» **WHAT YOU WILL DO**: Only the lines from the one containing "Detailed view of" to the end of the material are to be copied, exactly and in full; images stay out.

» **INPUT RECORDS**:
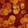 Skullflagration — Modern Warfare 3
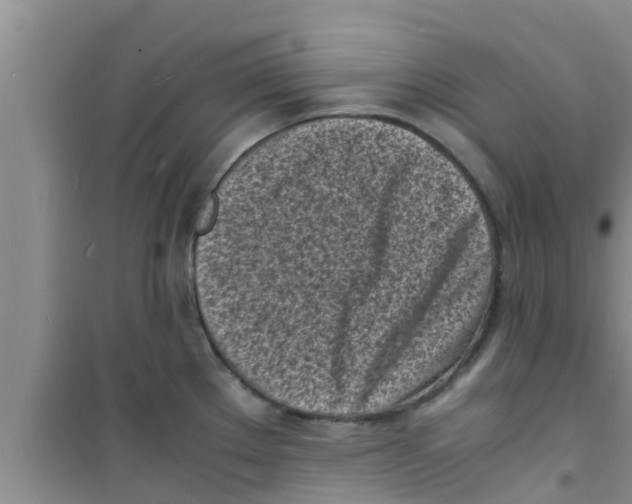 X0000100981289200807221225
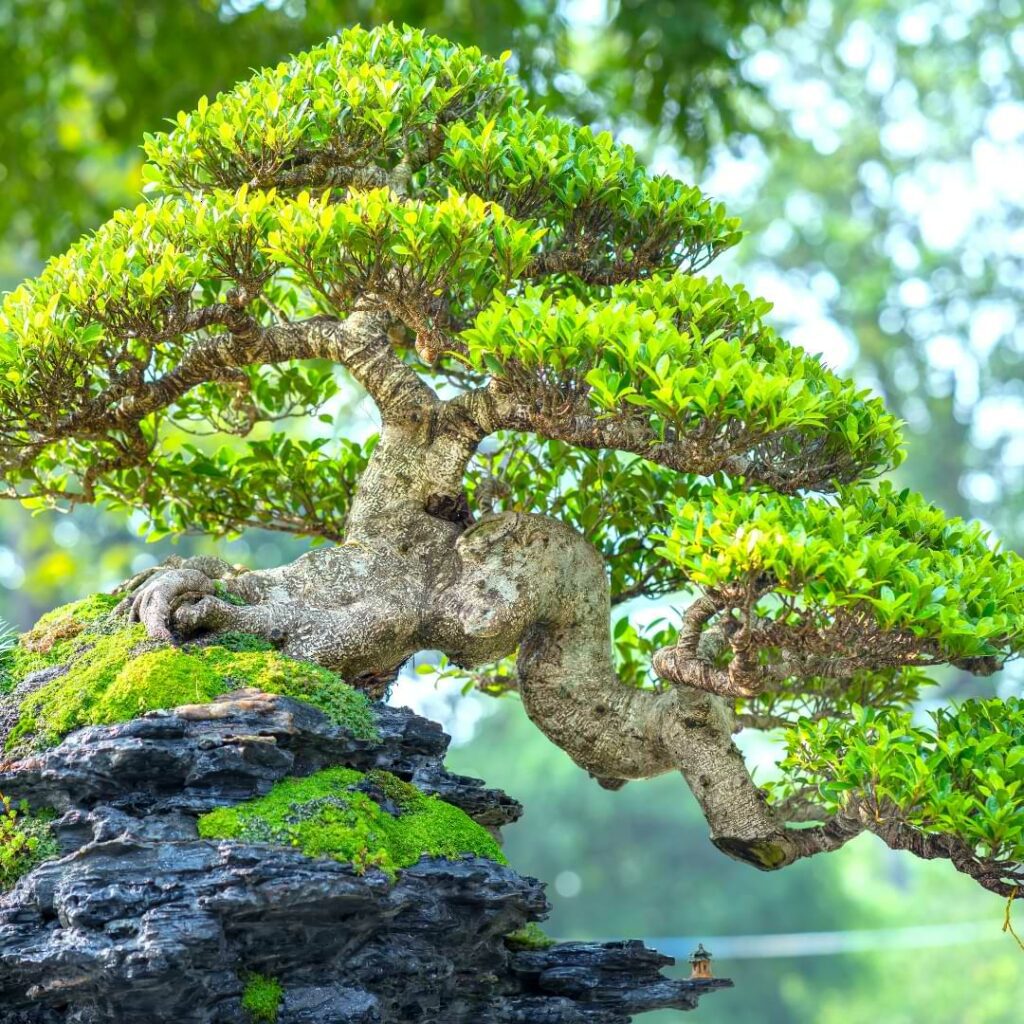 How to Make a Bonsai Grow New Branches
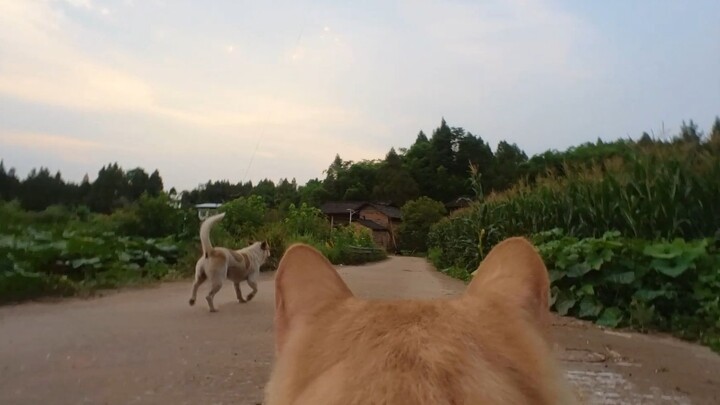 Cat: No time to explain—get in the car!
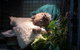 Jirrahlinga Koala & Wildlife Sanctuary - thumb 3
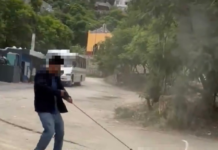 Sanciona Municipio de Oaxaca caso de maltrato animal tras denuncia ciudadana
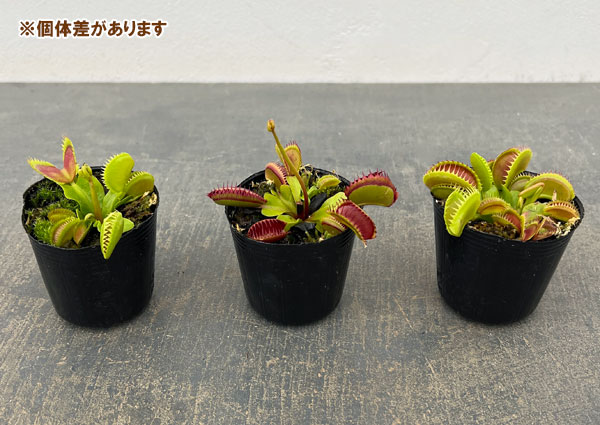 観葉植物 ハエトリソウ ジョーズ 2号ポットの詳細画像3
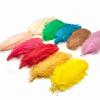 10Pcs Multicolor Ostrich Feather Wedding Home  Carnival Decoration Table Centerpieces 15-20Cm 20-25Cm 30-35Cm Plumes For Crafts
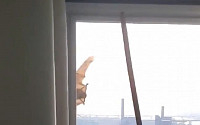 “창문에 저게 뭐지?”…서울 도심에 나타난 박쥐 ‘깜짝’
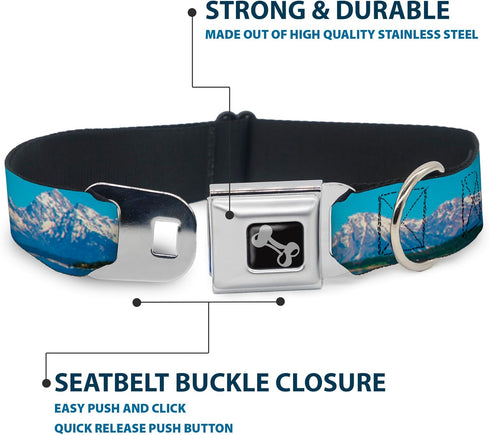 Dog Collar Seatbelt Buckle, 1.5" Wide, Fits 18-32" Neck, Large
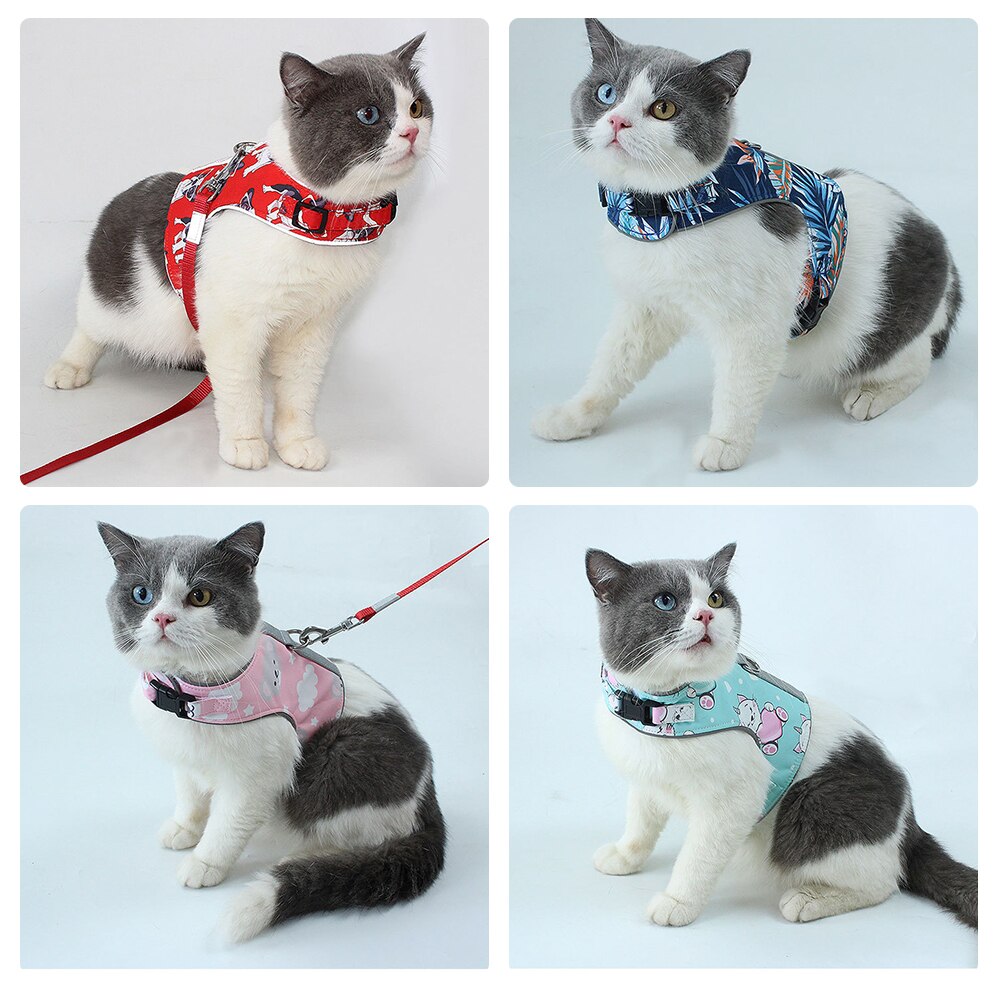 Polyester huisdier kat reflecterende mesh riem draagbare buiten huisdier kat hond wandelriem katten harnas uitschuifbare hondenriem touw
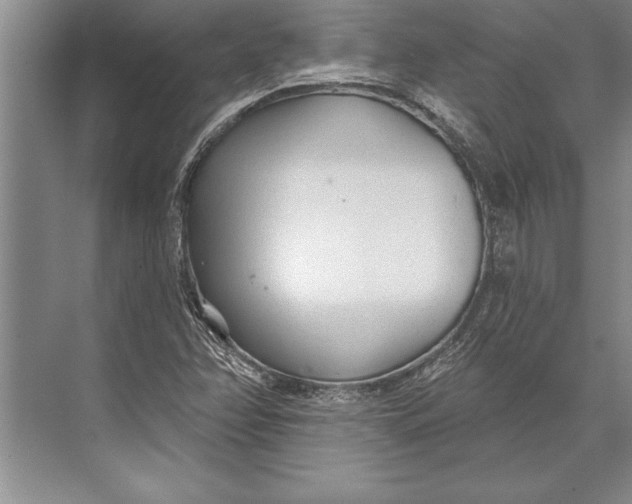 X0000074941358200609221654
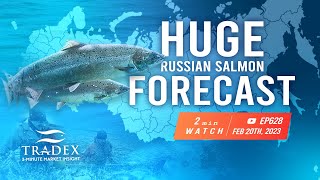 3MMI - Huge 2023 Russian Salmon Forecast, Big Pink Year, Chums Overestimated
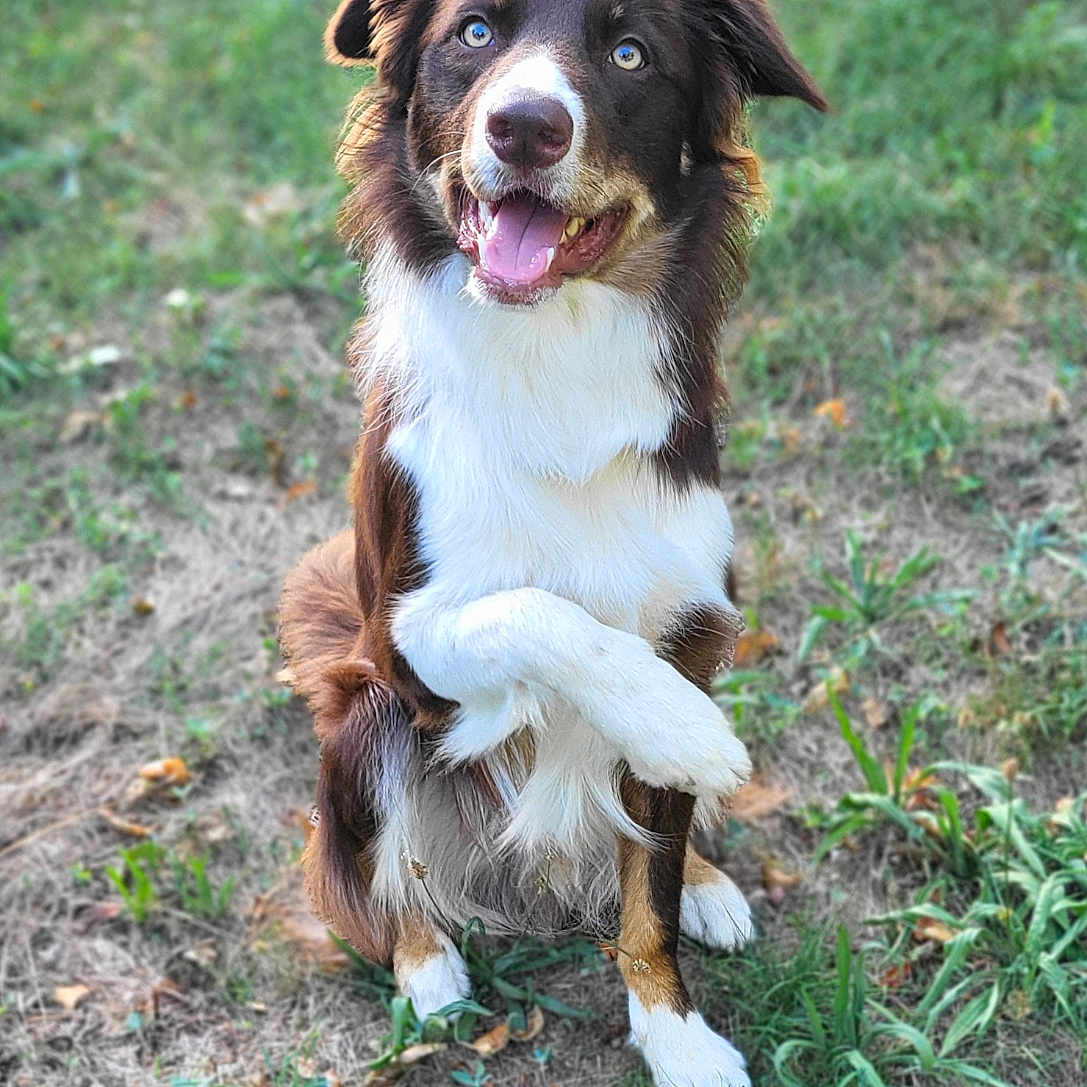 Border a rejoint le concours — aidez-le/la à gagner de superbes lots ! animal_portrait, brown_dog, crossed_paws, dog, floppy_ears, garden, grass, ground, happy, long_fur, natural_light, open_mouth, outdoor, pet, playful, sitting, smiling, tongue, upright_pose, white_chest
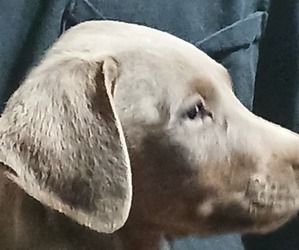 Doberman Pinscher Puppy for sale in DARDANELLE, AR, USA
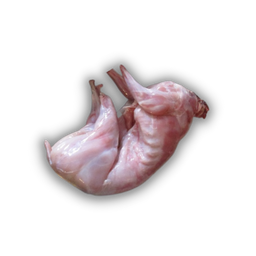 Meat Rabbit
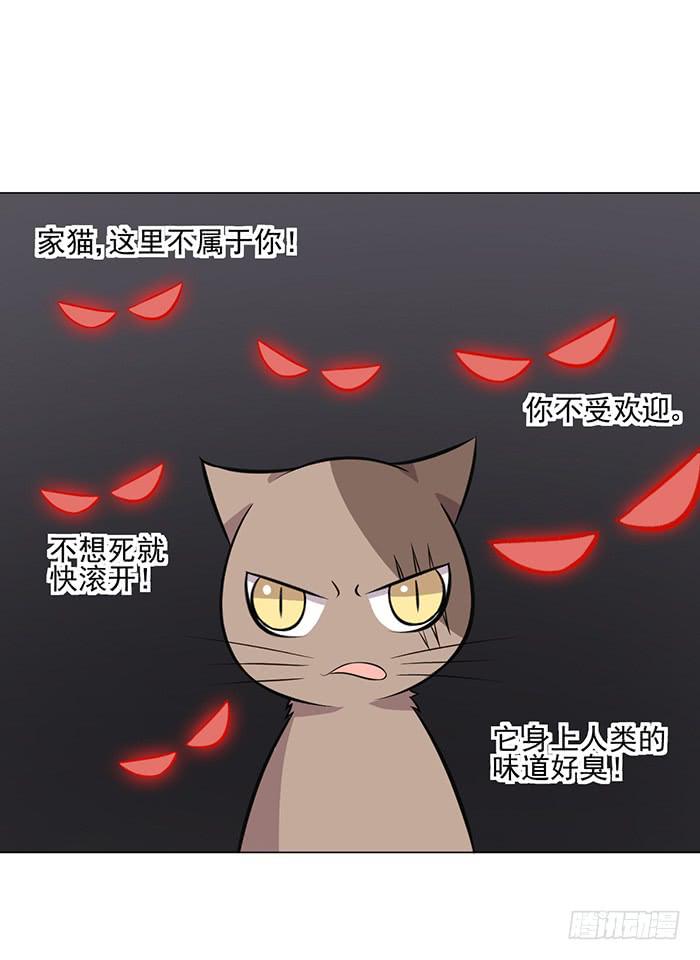 第042话(1/2)-第44话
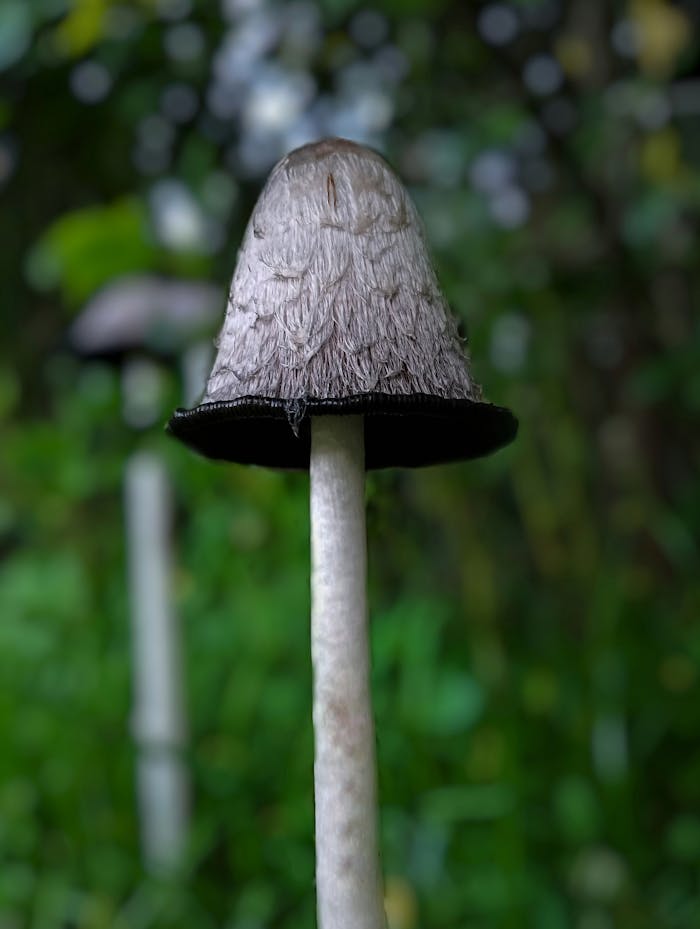Detailed view of an inky cap mushroom in natural surroundings, showcasing its texture and fragility.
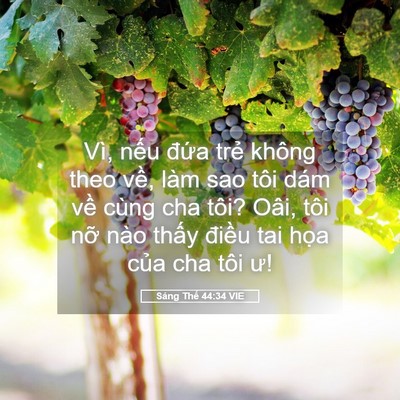 Picture 05 - Sáng Thế 44:34 VIE - Vì, nếu đứa trẻ không theo về, làm - Bible Verse Picture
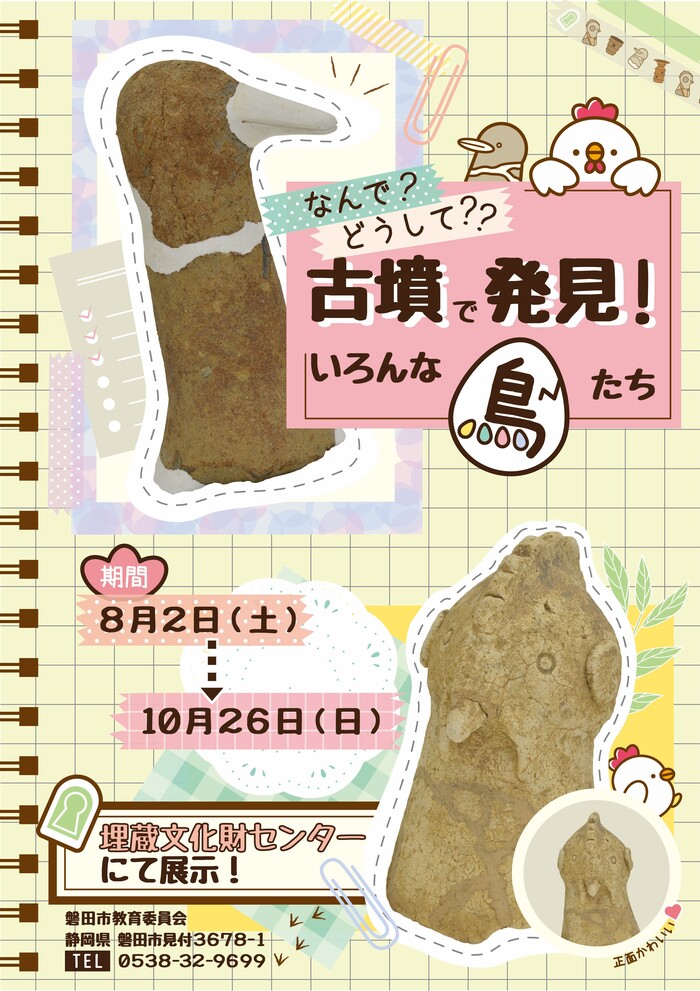 古墳で発見！いろんな鳥たちチラシ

» **ANSWER FOR THIS EXERCISE**:
Detailed view of an inky cap mushroom in natural surroundings, showcasing its texture and fragility.
 Picture 05 - Sáng Thế 44:34 VIE - Vì, nếu đứa trẻ không theo về, làm - Bible Verse Picture
 古墳で発見！いろんな鳥たちチラシ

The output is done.